▶ _TASK OBJECTIVE_:
Strip out all images, then restate the data verbatim.

(Recorded data)
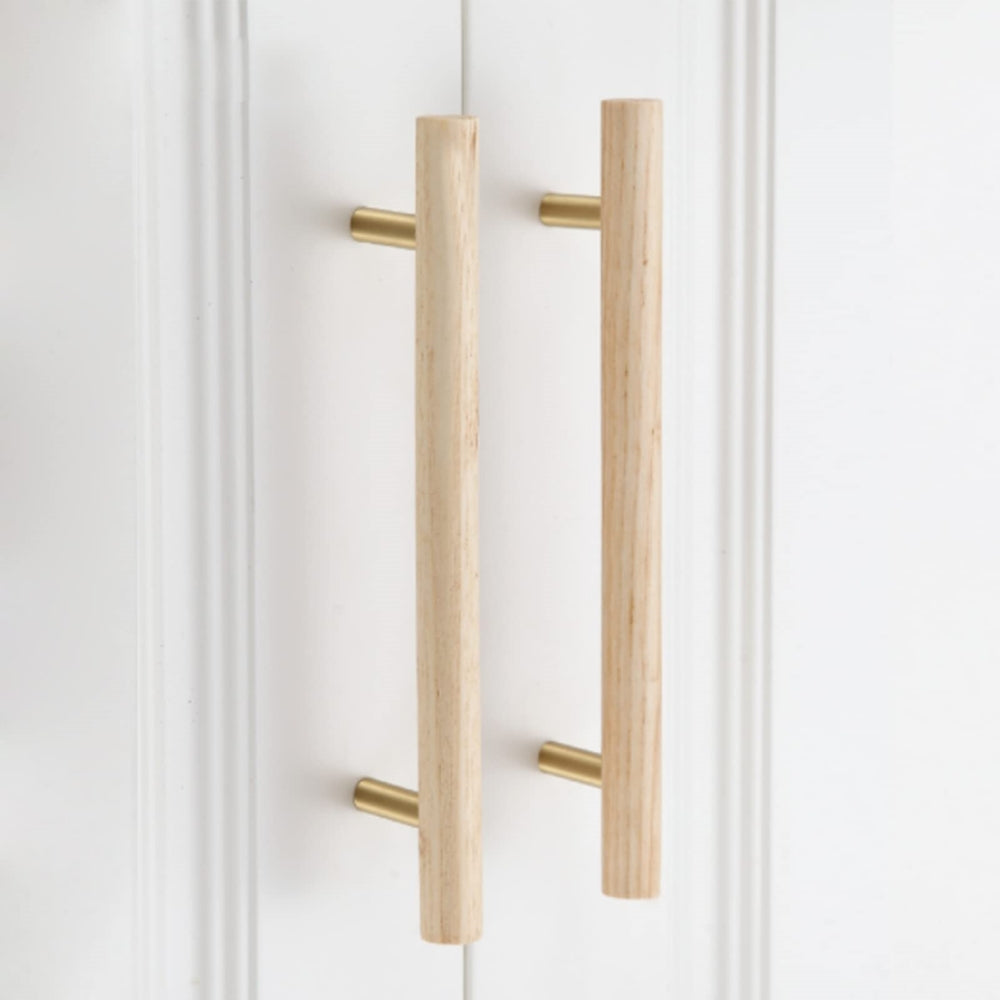 Wood cabinet pull with brass posts in ash wood with 160 mm centers, installed on cabinet doors in a close furniture view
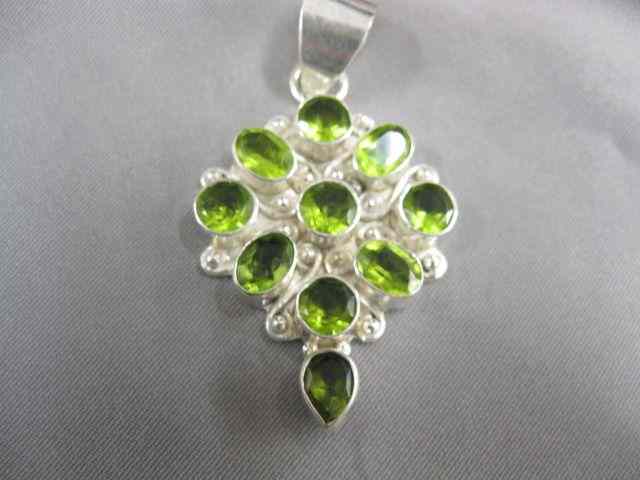 Appraisal: Peridot Pendant rich gems in sterling silver '' x ''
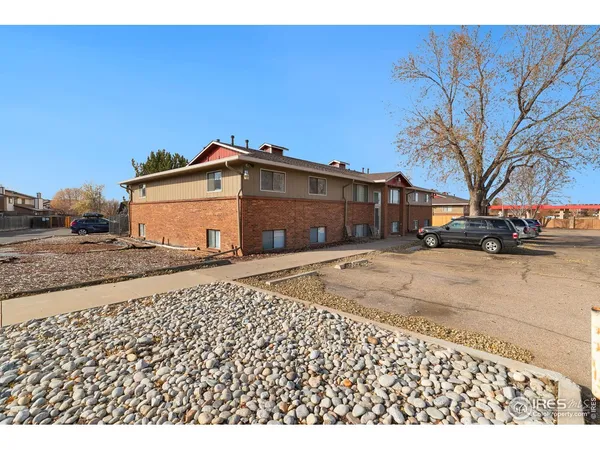 a black white house with a outdoor space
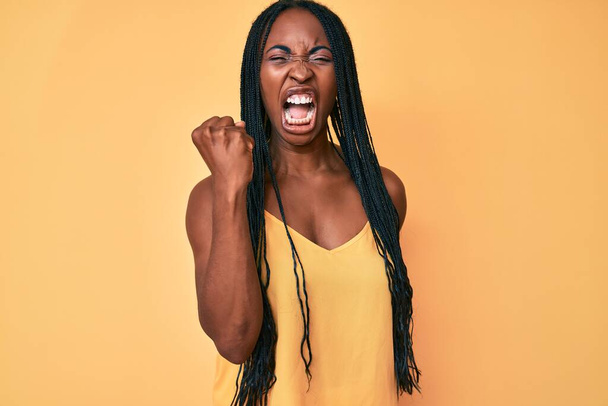African american woman with braids wearing casual clothes angry and mad raising fist frustrated and furious while shouting with anger. rage and aggressive concept.  - Foto, afbeelding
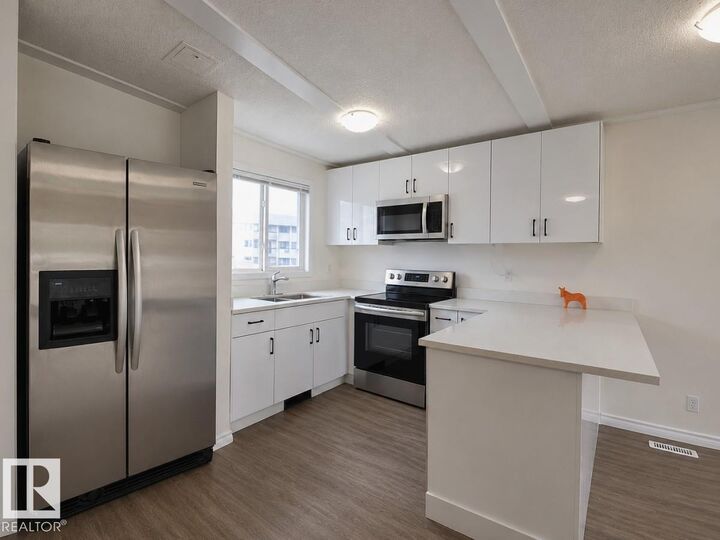 Property Photo:  14458 56 Street NW  AB T5A 3R1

▶ _YOUR RESPONSE_:
 Wood cabinet pull with brass posts in ash wood with 160 mm centers, installed on cabinet doors in a close furniture view
 Appraisal: Peridot Pendant rich gems in sterling silver '' x ''
 a black white house with a outdoor space
African american woman with braids wearing casual clothes angry and mad raising fist frustrated and furious while shouting with anger. rage and aggressive concept.  - Foto, afbeelding
 Property Photo:  14458 56 Street NW  AB T5A 3R1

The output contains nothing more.